### Record excerpts
[Start of section]
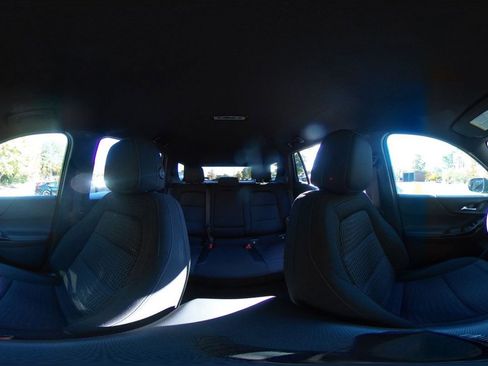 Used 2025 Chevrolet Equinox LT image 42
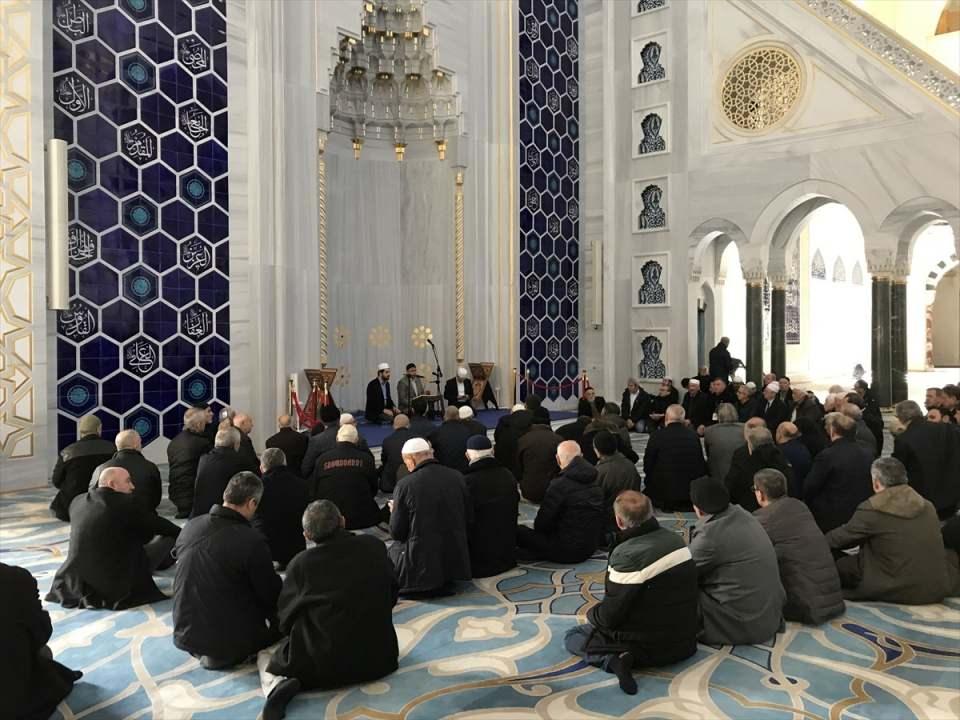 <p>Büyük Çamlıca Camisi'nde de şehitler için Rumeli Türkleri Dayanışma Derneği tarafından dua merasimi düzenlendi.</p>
[End of section]
[Start of section]
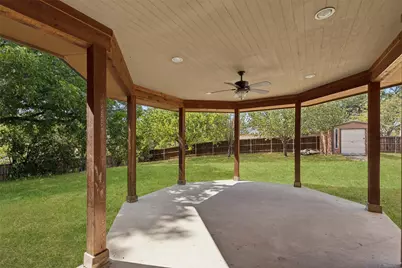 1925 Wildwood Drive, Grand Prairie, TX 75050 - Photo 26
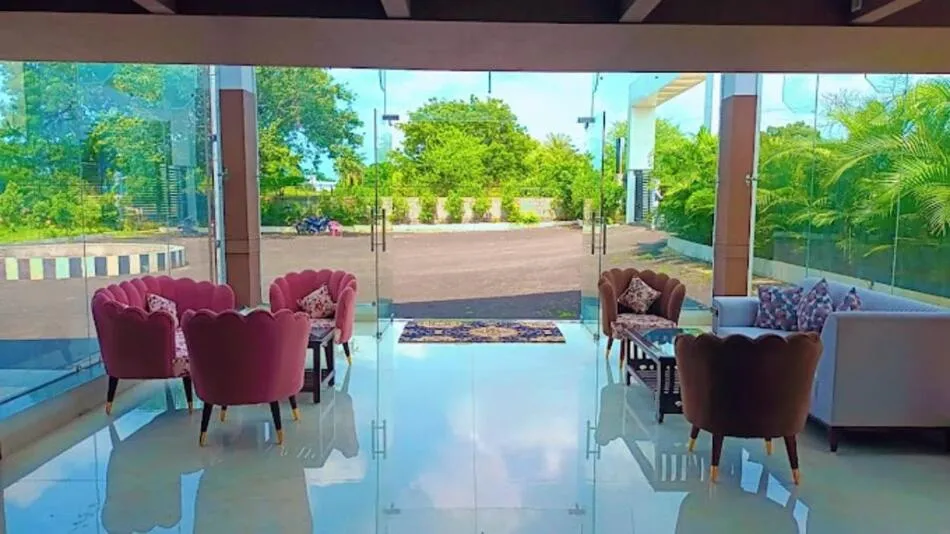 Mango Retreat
[End of section]
### Description of the task
Could you output exactly the lines above, from the line with "Used 2025 Chevrolet Equinox LT image 42" up to and including the line with "<p>Büyük Çamlıca Camisi'nde", and nothing else, skipping the pictures?

### Answer box
 Used 2025 Chevrolet Equinox LT image 42
 <p>Büyük Çamlıca Camisi'nde de şehitler için Rumeli Türkleri Dayanışma Derneği tarafından dua merasimi düzenlendi.</p>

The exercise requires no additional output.